SARS-CoV-2 would have become more easily transmissible following a mutation affecting the protein that allows it to infect cells in the human body. Explanations.
- The SARS-CoV-2 virus would have undergone a mutation that may have facilitated its transmission
- This mutation would be linked to the evolution of the virus since its passage from animals to humans
A mutation of the SARS-CoV-2 virus responsible for Covid-19 could have accelerated the spread of the epidemic. This is the conclusion that can be drawn from work of the Scripps Research Department of Immunology which confirm a hypothesis already put forward at the end of April by other American scientists.
In this new study, the researchers looked at the characteristics of SARS-CoV-2 and found that through its evolution over time and through the different regions where it had spread, one could observe a mutation of its ability to transmit. And that where transmission of the virus was greatest, SARS-CoV-2 had a mutation called D614G in its S protein.
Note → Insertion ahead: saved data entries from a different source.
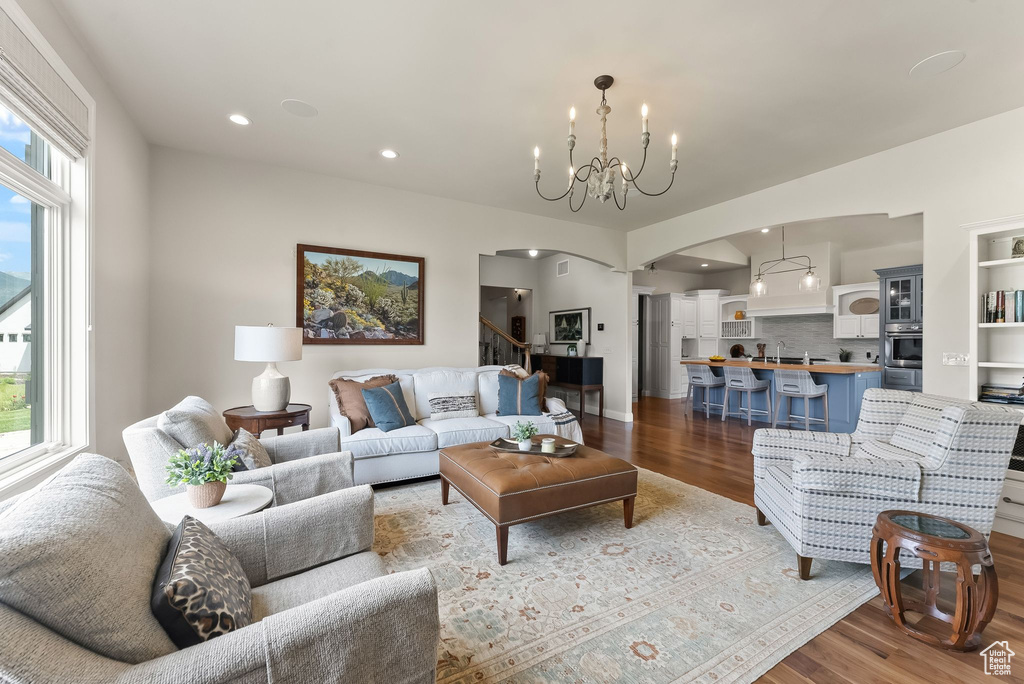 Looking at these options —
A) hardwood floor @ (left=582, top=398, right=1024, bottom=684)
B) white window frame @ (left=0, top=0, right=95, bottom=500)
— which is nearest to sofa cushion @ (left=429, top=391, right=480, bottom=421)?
hardwood floor @ (left=582, top=398, right=1024, bottom=684)

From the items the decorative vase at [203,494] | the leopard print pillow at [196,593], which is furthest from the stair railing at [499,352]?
the leopard print pillow at [196,593]

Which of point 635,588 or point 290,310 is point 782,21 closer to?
point 635,588

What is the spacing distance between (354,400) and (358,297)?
1307mm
A mutation observed in March 2020
However, it is this coronavirus protein that allows it to infect the cells of our body – and particularly those of the nose, lungs, digestive system and heart – through its fusion with their ACE2 receptor. It is as if our cells carry targets allowing these infectious agents to strike them better and, in the case of SARS-CoV-2, as if the D614G mutation of the S protein of this coronavirus adjusts the shot even better.
It was in March 2020, therefore when the epidemic began to hit hard in Europe and particularly in Italy, that this mutation was observed with even an increase in its frequency in April. An increase in the viral load found in patients with Covid-19 led scientists to this discovery. According to researchers from the Scripps Research Department of Immunology, the infective capacity of human cells of this mutated coronavirus would thus be 9 times greater than that of the same coronavirus before its mutation.
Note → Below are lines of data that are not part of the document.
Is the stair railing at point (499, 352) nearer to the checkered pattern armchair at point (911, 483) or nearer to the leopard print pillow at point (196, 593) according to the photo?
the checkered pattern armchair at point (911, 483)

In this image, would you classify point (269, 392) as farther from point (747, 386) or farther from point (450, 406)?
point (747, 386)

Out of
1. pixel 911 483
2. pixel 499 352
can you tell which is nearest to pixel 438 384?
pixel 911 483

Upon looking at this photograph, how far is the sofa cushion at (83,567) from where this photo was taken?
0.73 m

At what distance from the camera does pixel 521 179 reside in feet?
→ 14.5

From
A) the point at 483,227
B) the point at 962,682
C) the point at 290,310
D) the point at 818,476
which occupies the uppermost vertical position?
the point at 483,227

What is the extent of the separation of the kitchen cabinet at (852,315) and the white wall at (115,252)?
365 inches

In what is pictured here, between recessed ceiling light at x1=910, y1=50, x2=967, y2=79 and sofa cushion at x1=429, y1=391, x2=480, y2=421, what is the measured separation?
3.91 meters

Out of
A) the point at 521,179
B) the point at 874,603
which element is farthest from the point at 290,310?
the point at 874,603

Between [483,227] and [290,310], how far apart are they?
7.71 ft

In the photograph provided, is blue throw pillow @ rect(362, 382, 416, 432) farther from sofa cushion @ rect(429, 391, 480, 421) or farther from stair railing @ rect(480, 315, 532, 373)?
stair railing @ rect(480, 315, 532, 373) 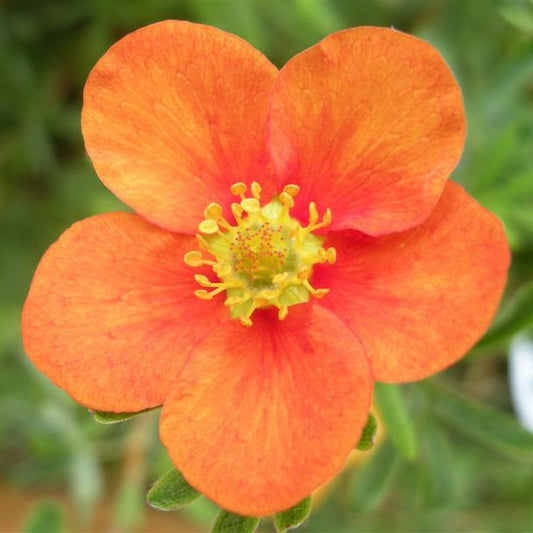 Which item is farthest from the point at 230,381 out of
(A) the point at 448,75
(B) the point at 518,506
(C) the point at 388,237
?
(B) the point at 518,506

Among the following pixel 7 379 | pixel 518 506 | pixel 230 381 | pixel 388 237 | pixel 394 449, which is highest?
pixel 388 237

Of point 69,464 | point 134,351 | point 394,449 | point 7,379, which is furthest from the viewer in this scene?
point 7,379

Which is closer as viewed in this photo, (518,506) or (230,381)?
(230,381)

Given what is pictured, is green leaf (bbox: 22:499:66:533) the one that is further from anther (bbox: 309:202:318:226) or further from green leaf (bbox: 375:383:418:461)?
anther (bbox: 309:202:318:226)

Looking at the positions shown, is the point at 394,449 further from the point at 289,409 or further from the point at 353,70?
the point at 353,70

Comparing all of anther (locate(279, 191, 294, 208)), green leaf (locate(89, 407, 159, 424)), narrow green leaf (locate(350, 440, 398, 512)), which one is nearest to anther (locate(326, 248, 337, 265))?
anther (locate(279, 191, 294, 208))

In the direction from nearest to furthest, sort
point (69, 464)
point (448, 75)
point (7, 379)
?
point (448, 75), point (69, 464), point (7, 379)

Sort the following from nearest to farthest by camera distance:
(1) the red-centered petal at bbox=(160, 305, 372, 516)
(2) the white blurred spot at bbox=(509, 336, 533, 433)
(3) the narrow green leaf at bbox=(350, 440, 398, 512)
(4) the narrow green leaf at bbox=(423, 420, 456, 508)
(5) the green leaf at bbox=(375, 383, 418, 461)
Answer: (1) the red-centered petal at bbox=(160, 305, 372, 516) → (5) the green leaf at bbox=(375, 383, 418, 461) → (3) the narrow green leaf at bbox=(350, 440, 398, 512) → (4) the narrow green leaf at bbox=(423, 420, 456, 508) → (2) the white blurred spot at bbox=(509, 336, 533, 433)

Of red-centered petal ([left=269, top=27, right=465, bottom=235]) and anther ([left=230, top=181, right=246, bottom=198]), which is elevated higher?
red-centered petal ([left=269, top=27, right=465, bottom=235]) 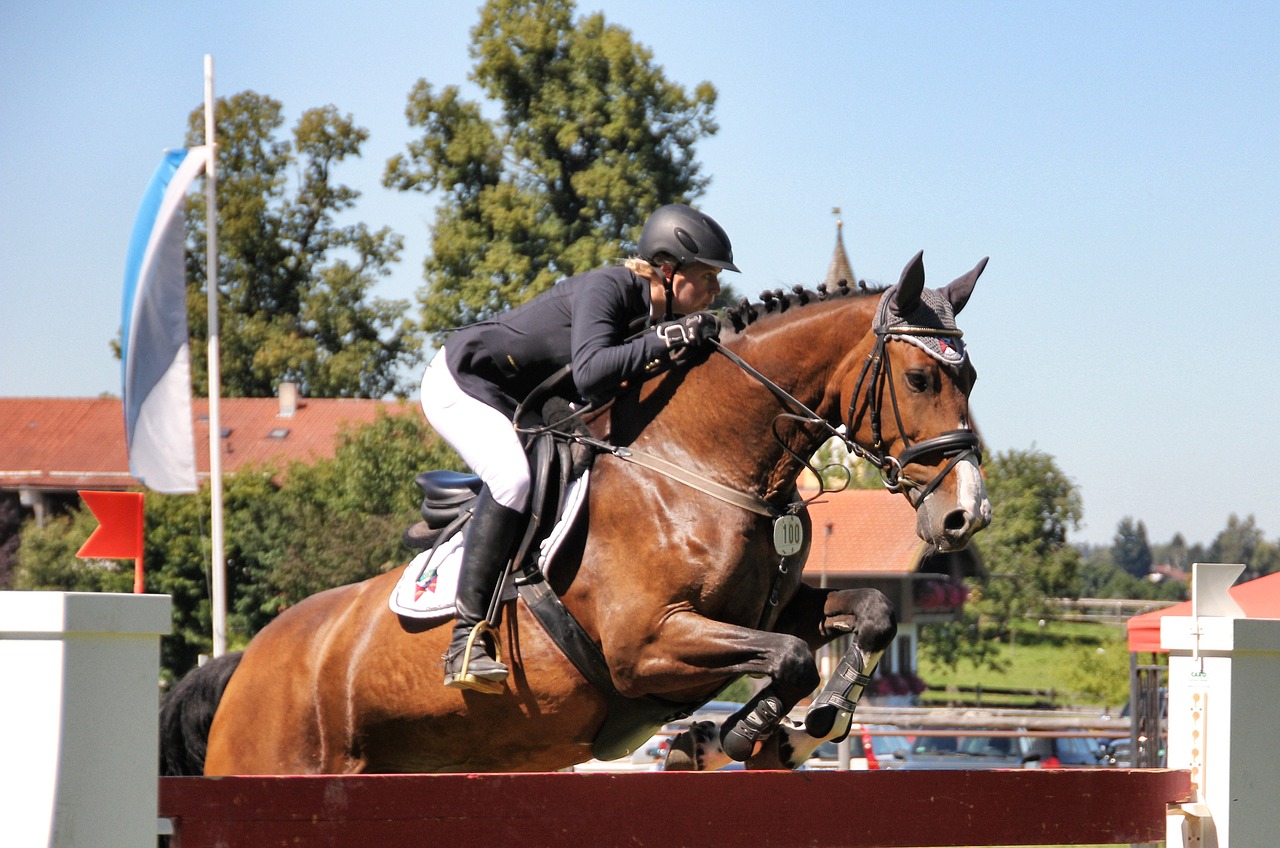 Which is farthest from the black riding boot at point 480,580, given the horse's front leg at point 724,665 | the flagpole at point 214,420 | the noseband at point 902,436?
the flagpole at point 214,420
A mutation that followed the passage from animals to humans
This would explain, through the ability of SARS-CoV-2 to transmit itself more efficiently, the speed at which the epidemic developed in Europe last March and April. But the study analyzing this mutation of the coronavirus does not make it possible to conclude on its impact on the severity of the disease striking patients infected with the virus.
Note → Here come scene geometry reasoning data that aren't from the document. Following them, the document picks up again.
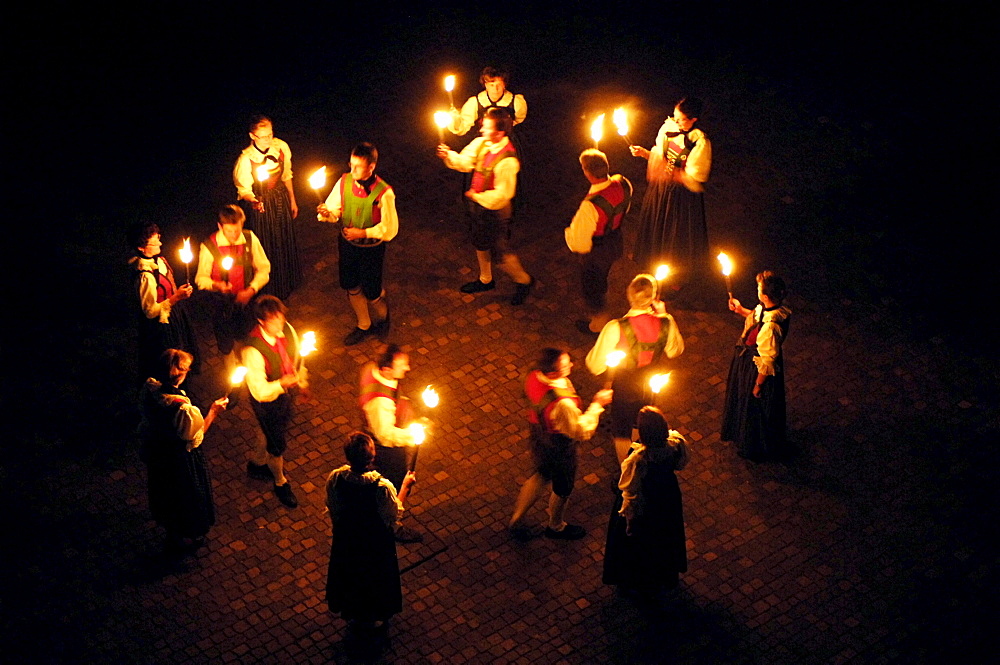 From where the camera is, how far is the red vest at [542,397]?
31.2ft

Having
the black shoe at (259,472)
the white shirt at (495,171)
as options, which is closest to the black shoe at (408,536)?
the black shoe at (259,472)

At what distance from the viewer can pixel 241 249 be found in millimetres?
11102

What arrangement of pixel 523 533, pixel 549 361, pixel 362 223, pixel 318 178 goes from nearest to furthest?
pixel 549 361
pixel 523 533
pixel 318 178
pixel 362 223

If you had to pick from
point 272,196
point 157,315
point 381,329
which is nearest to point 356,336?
point 381,329

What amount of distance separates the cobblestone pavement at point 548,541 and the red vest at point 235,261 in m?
1.18

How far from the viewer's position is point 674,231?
12602 millimetres

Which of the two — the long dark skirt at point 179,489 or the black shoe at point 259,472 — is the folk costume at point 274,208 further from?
the long dark skirt at point 179,489

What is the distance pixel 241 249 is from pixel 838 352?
5.51m

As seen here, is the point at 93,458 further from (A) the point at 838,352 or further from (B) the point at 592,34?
(B) the point at 592,34

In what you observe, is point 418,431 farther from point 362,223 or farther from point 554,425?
point 362,223

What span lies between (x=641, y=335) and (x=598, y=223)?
1.63 meters

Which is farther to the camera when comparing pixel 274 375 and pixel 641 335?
pixel 641 335

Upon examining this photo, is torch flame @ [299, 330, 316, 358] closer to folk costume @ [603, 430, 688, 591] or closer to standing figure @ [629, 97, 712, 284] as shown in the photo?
folk costume @ [603, 430, 688, 591]

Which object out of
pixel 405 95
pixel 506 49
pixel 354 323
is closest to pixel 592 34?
pixel 506 49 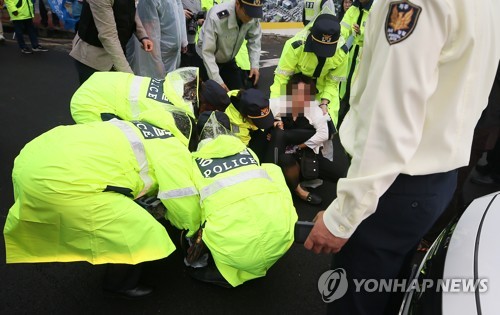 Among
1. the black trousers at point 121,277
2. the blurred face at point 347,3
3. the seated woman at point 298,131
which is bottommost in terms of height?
the black trousers at point 121,277

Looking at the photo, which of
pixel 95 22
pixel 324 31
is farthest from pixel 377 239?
pixel 95 22

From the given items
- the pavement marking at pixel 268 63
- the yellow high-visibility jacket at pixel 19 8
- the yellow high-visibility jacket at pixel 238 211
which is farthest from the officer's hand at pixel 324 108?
the yellow high-visibility jacket at pixel 19 8

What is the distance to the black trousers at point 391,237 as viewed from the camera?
1204 millimetres

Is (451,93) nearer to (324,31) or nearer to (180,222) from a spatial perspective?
(180,222)

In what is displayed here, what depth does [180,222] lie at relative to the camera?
199 cm

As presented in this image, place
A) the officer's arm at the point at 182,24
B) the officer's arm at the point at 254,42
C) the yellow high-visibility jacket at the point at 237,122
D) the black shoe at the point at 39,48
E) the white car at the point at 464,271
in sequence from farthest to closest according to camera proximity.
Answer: the black shoe at the point at 39,48 → the officer's arm at the point at 182,24 → the officer's arm at the point at 254,42 → the yellow high-visibility jacket at the point at 237,122 → the white car at the point at 464,271

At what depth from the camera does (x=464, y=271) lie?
120 cm

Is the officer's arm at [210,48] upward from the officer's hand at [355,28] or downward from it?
downward

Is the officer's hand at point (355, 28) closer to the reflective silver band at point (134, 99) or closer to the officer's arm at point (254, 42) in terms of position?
the officer's arm at point (254, 42)

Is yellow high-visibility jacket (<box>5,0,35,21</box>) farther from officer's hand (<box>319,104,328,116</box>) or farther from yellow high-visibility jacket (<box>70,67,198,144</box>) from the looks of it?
officer's hand (<box>319,104,328,116</box>)

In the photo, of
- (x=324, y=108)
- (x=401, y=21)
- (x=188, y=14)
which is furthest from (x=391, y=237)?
(x=188, y=14)

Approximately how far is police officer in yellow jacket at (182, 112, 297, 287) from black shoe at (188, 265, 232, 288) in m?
0.23

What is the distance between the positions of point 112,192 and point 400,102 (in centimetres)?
128

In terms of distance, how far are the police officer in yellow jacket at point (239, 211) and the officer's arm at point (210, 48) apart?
5.15 ft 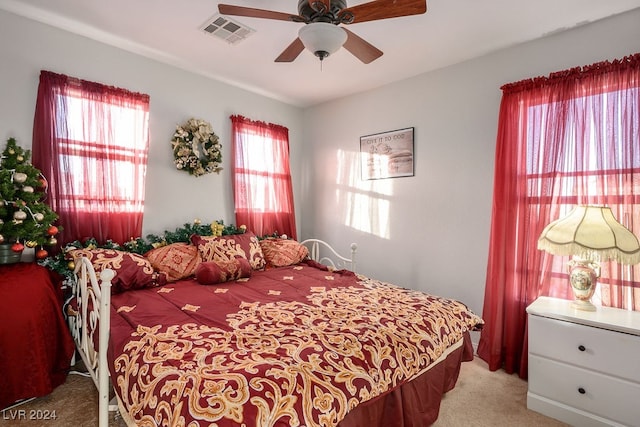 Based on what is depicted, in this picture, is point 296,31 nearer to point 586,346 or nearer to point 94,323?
point 94,323

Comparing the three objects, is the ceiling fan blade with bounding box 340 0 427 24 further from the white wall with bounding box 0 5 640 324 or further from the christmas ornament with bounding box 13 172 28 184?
the christmas ornament with bounding box 13 172 28 184

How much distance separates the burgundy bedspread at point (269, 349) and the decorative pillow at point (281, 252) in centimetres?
84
On the other hand, it sheds light on the reasons that may have led to this change. The famous S protein of the coronavirus, the one that allows it to infect cells in the body through the ACE2 receptor, is, as part of a complex chemical process, activated by an enzyme called furin. However, in the evolutions that accompanied SARS-CoV-2 in its passage from an animal species to humans, there could have been, according to the researchers, a “cleavage” limiting the action of the furin essential to the activation of the infection mechanism. And the D614G mutation in the coronavirus protein S would have emerged to compensate for this phenomenon as part of a natural adaptation of the virus to ensure its continued transmission from host to host.